Let us reiterate: this is seriously difficult. It is REQUIRED that runners have completed a 50k within the last 12 months in a time of 7:30:00 or less.
Proceeds benefit Wild Trails, a 501©(3) organization dedicated to the use, expansion and promotion of trails in greater Chattanooga.
Man I wish I could run this. Unfortunately my 8:30 StumpJump time this year leaves me outside the qualifying time.
What follows is a brief report with plots and commentary similar to my StumpJump50k report.
Number Of Finishers
The Upchuck 50k has been contested each year since 2008, with 2009 having the most finishers. Only 5 women finished in 2008 and 2012. Since the numbers are so low for women, I've also provided raw data in table format as they are hard to read from the plot.
In 2012, more men finished between 6:00 and 6:30 hours than any other half-hour time frame. Compare that to 2012 StumpJump results where more men finished between 6:30 and 7:00 hours.
The above holds true for all years as well, and that's for both races!

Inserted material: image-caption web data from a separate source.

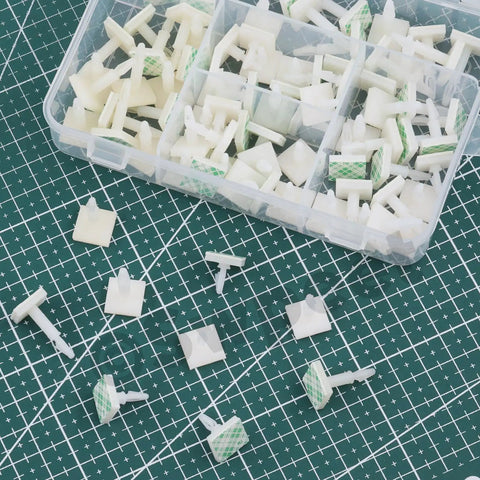 Hella Sturdy White Adhesive Insulated PCB Standoffs Assortment Kit 75 Pack featuring various sizes and shapes scattered on a green mat.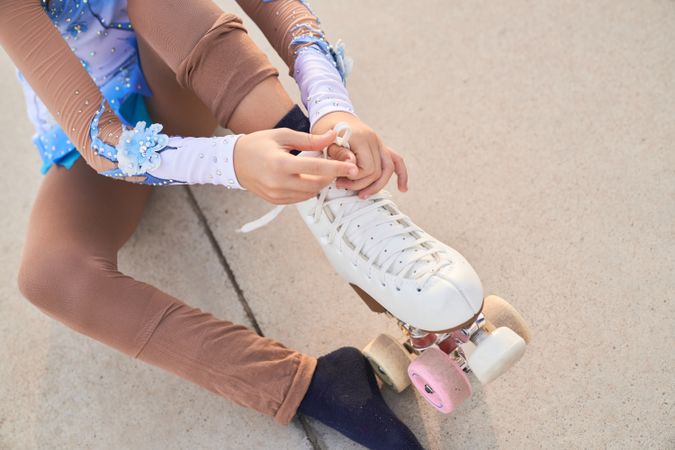 Unrecognizable person tying shoelaces on roller skate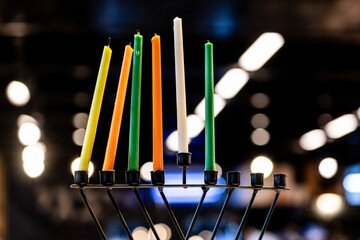 Multi-colored, unlit, wax Hanukkah candles ready for lighting on a Chanukah menorah.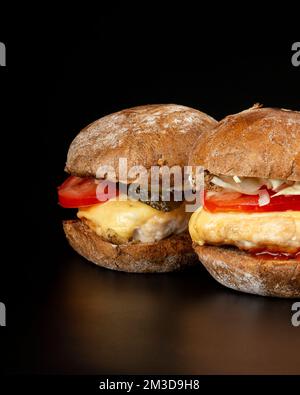 2 saftige Burger mit Gemüse und ein großes Hähnchenschnitzel im dunklen Hintergrund, Fast Food Cheeseburger. Stockfoto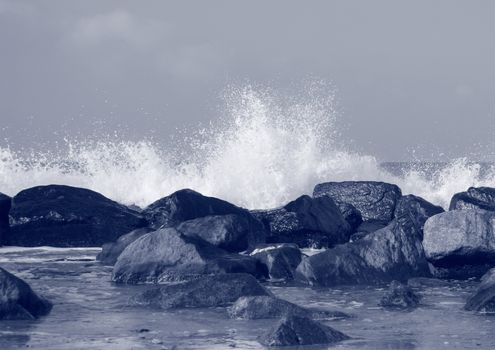 Black rocks protecting coast against crashing white waves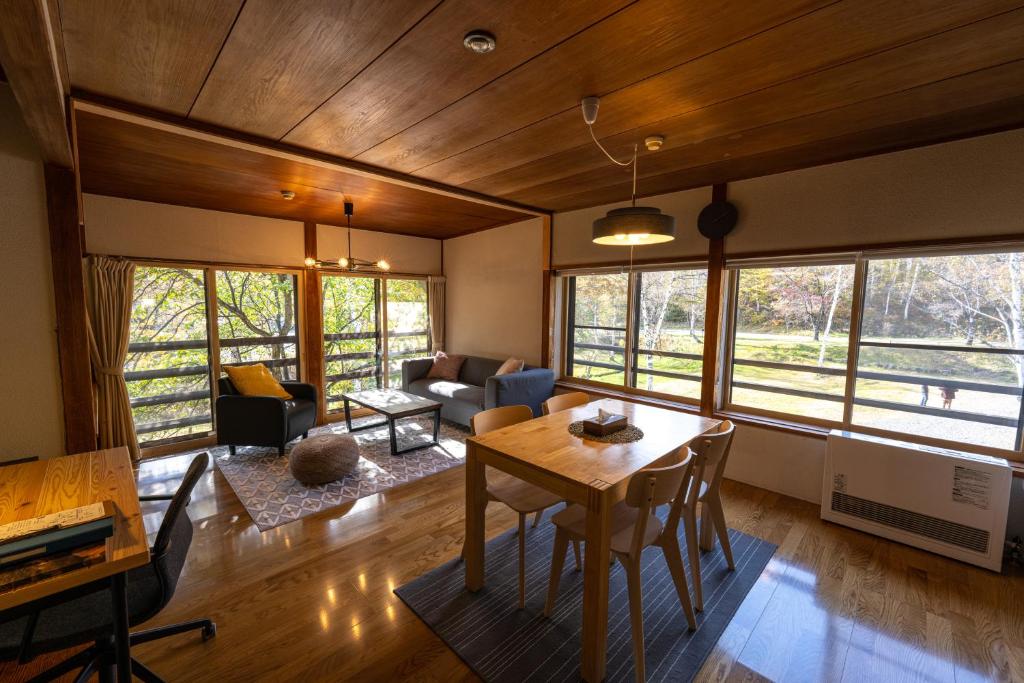ein Wohnzimmer mit einem Tisch, Stühlen und Fenstern in der Unterkunft NORTHSTAR Loft in Matsumoto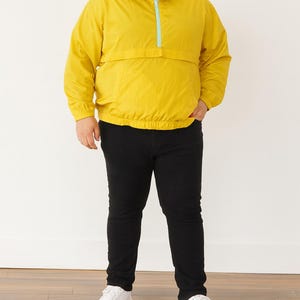 Person wearing a yellow Plus Size Mens Windbreaker Jacket with zipper, black pants, and white shoes on a white background.
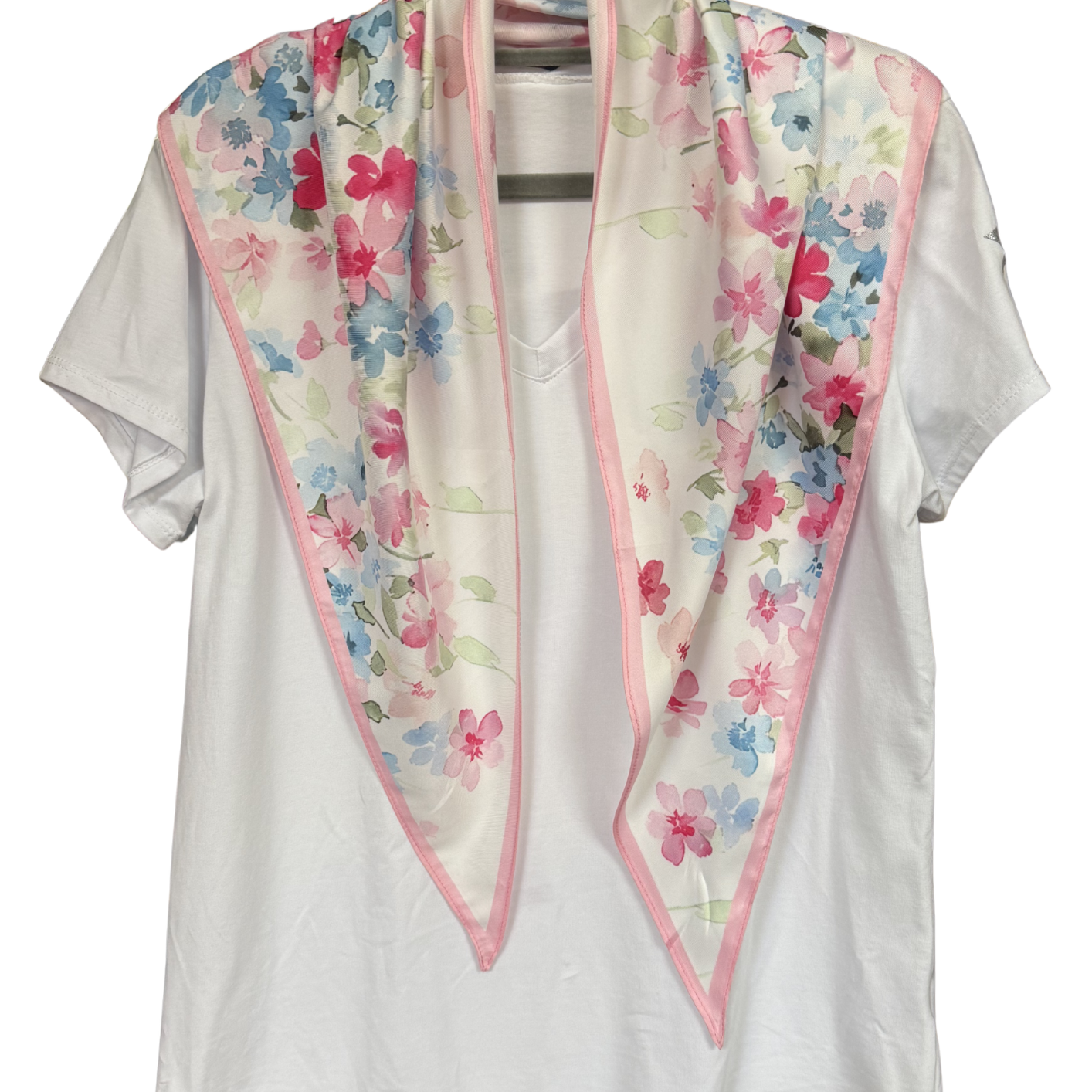 White blouse with a floral scarf draped over it on a hanger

It has been said that if you've run the StumpJump and you're going to run the UpChuck, then add 30-40 minutes to your StumpJump time for a good estimated finishing time, but I do wonder if that is true. Maybe you should SUBTRACT 30-40 minutes!
And look at the mens' median values (thick black horizontal bar in the boxes) trending downward! Will we see that trend continue in 2013?
No age data was collected for 2010 finishers.